The picture below shows the madVR benchmark build working in the decode-only mode on the GT 430 for a 1080i60 H264 clip.

Click to Enlarge

LAV CUVID is doing the actual decoding (that is not visible in the picture) and sending frames over to the madVR filter, but the filter just keeps track of the decode frame rate and doesn't render it. All the driver post processing steps are enabled. The interlaced clip being played back uses around 76% of the VPU. Decoding is being performed at 91 fps, much more than the clip's 60 fps rate. The GPU load is 79%, and that is because of the deinterlacing being performed using the shaders. This shows there is some headroom available in the GPU for further post processing. Is there enough for madVR ? The picture below shows the benchmark build working in the decode + post processing mode.

Click to Enlarge

Note that the frame rate falls below the real time requirement. At 52 fps, the renderer drops approximately 8 frames every second. The VPU load falls to 38% because the process is now limited by how fast the processing steps in madVR can execute. GPU-Z shows that madVR has caused the GPU load to hike up to 97%, and this becomes the bottleneck in the chain.

Another interesting aspect to note in the GPU-Z screenshots above is that madVR increases the load on the GPU's memory controller from 23% to 36%. This is to be expected, as madVR makes multiple passes over the frame and needs to move data back and forth between the shaders and the GPU's DRAM.

The extent of drop in the frame rate (and whether it fails to meet real time requirements) is decided by the options enabled in the madVR settings. We ran the benchmarks with various madVR configurations and for various codecs to get an idea of the performance of LAV CUVID, madVR and of course, the GPUs.
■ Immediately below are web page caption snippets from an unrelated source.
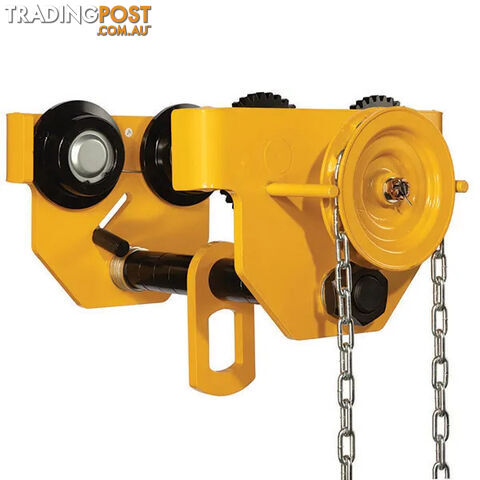 Geared Girder Trolley, 3 Tonne, 88-203mm Beam Width ITM TM9102-03000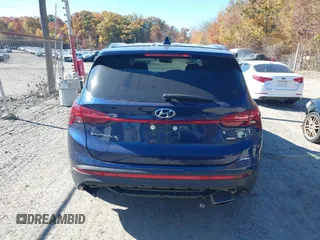 2022 Hyundai Santa Fe SE with VIN 5NMS1DAJ5NH437424, listed as a IAAI auction lot 40666731 with 27,344 mi miles. Bid and sale history available at carsss.com. Image 16.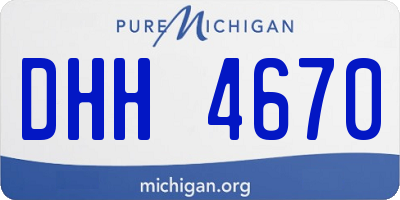 MI license plate DHH4670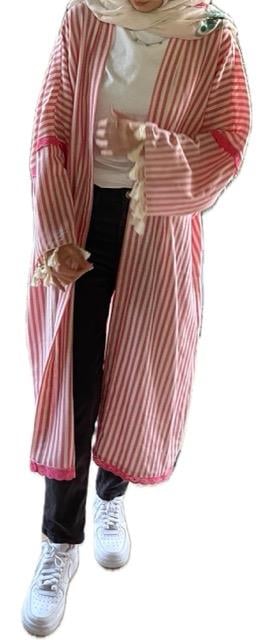 SAÇAKLI ve PAMUK DANTELLİ ABAYA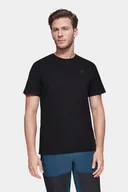 Koszulki sportowe męskie - Koszulka męska T-shirt Alpinus Paldarok czarny - miniaturka - grafika 1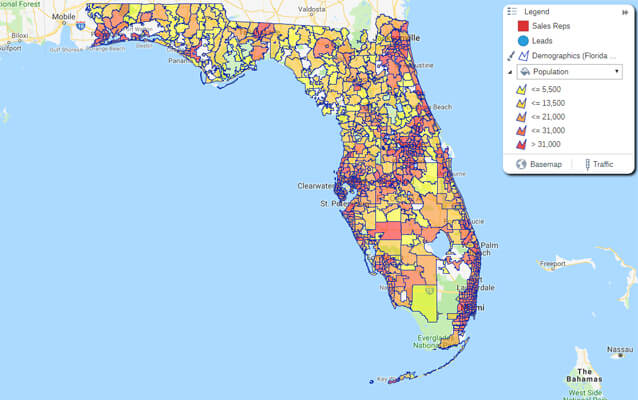 Zip Code Mapping Software For Analysis And Territories Espatial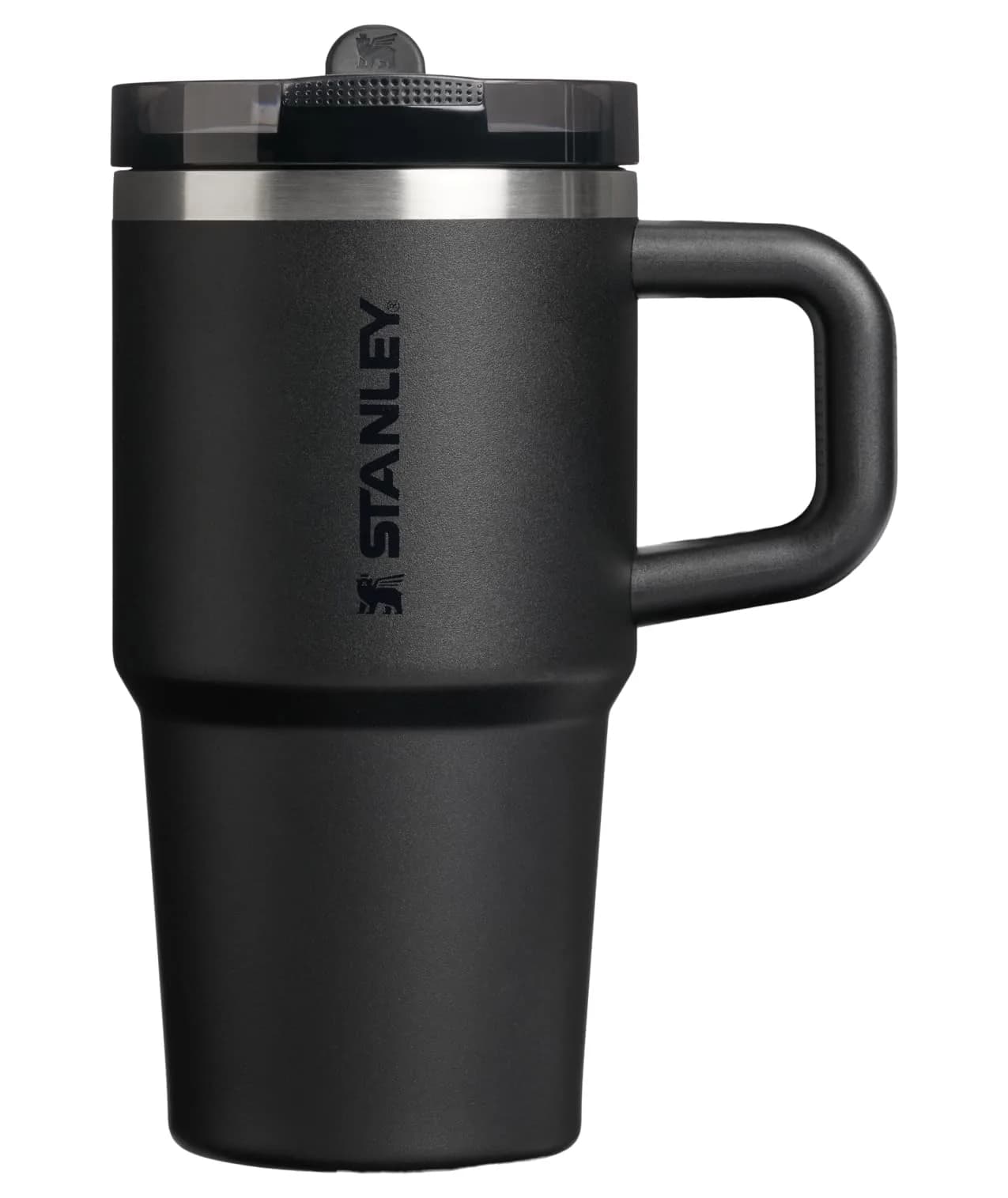 STANLEY Quencher ProTour Tumbler 591ml (20 oz) - Black 2.0, Leakproof Insulated Stainless Steel Cup - main product image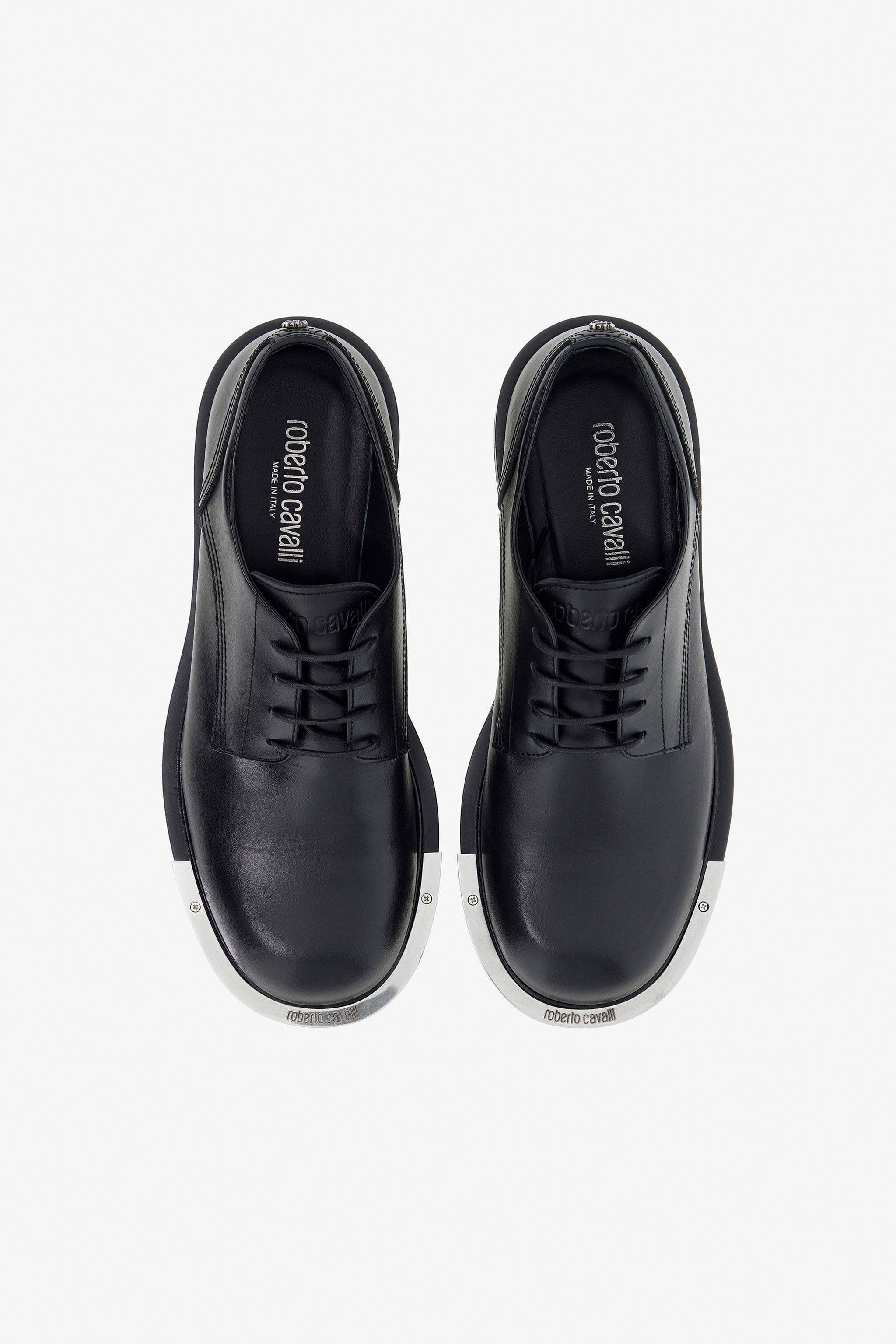 RC Black Laced-Up Shoes With Metal Detail RC Black Laced-Up Shoes With Metal Detail Black TRS026-PZA90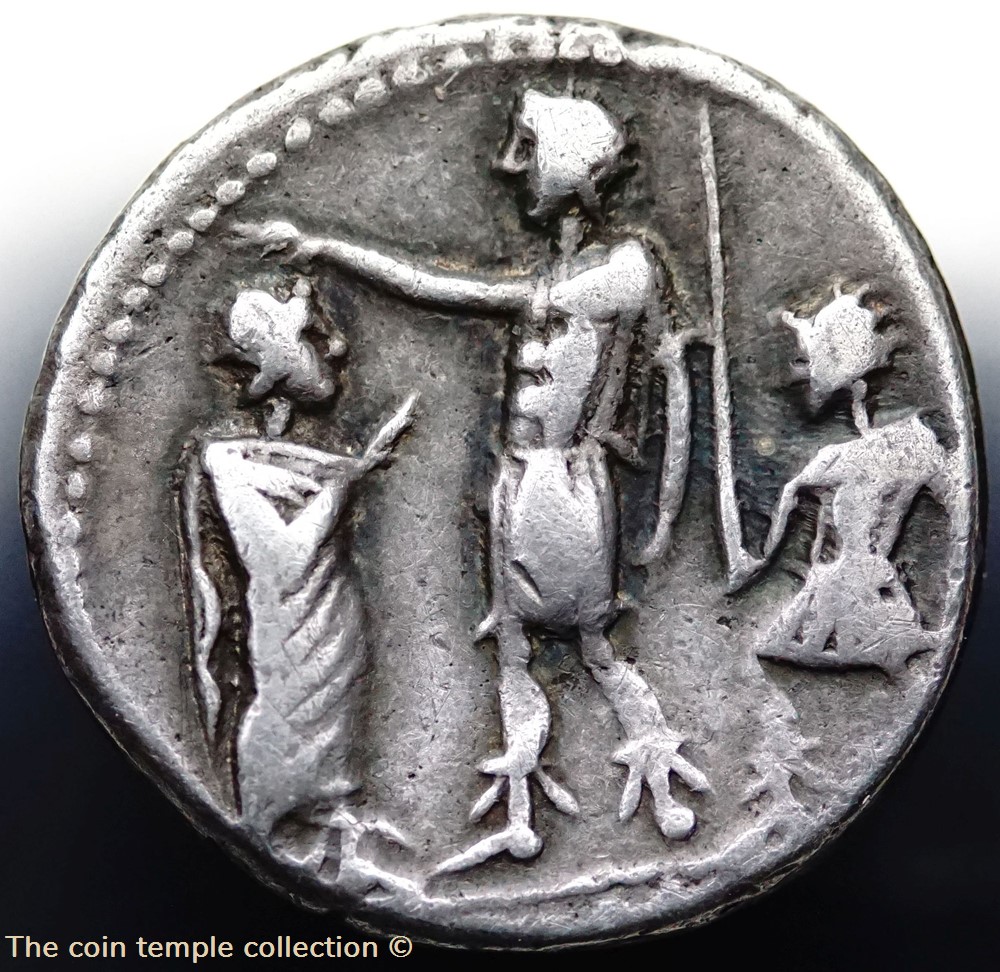 Crawford 301/1 P. LAECA (P. Porcius Laeca) Denarius 3 munzen antike bis romische imperial und republik crawford 301 1 p laeca p porcius laeca denarius
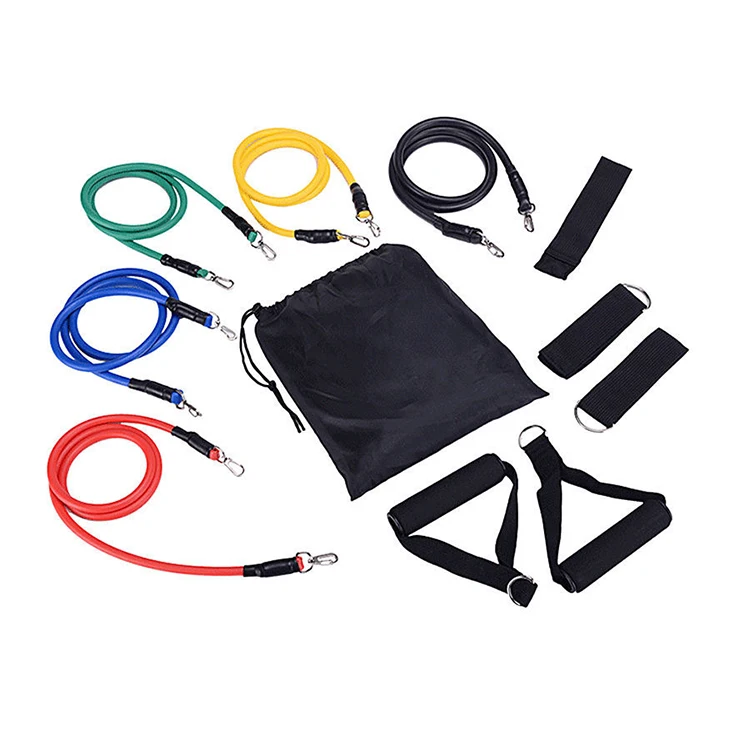 
soft adjustable light colorful home workout training tubes resistance bands 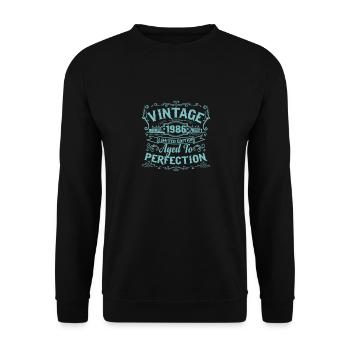Edition limitée 1986 Vintage. Vieilli à la perfection - Sweat-shirt Unisexe - noir - Devant - Alina (178cm) & Michal (187cm)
Before moving on to the benchmarking results, we have some more notes about the upsampling algorithms in madVR. Human eyes are much less sensitive to chroma resolution than to luma resolution. This is the reason why chroma is stored in a lower resolution with 4:2:0 compression. Due to the low chroma resolution, chroma often tends to look blocky with visible aliasing (especially visible when you have e.g. red fonts on black background). Usually, the best way to upsample chroma is to use a very soft interpolator to remove all the aliasing. However, that comes at the cost of chroma sharpness. A less soft chroma upsampling algorithm will achieve sharpness. Basically, one can't have the cake and eat it too. So, it is a matter of taste as to whether one prefers removal of aliasing or wants a sharper picture.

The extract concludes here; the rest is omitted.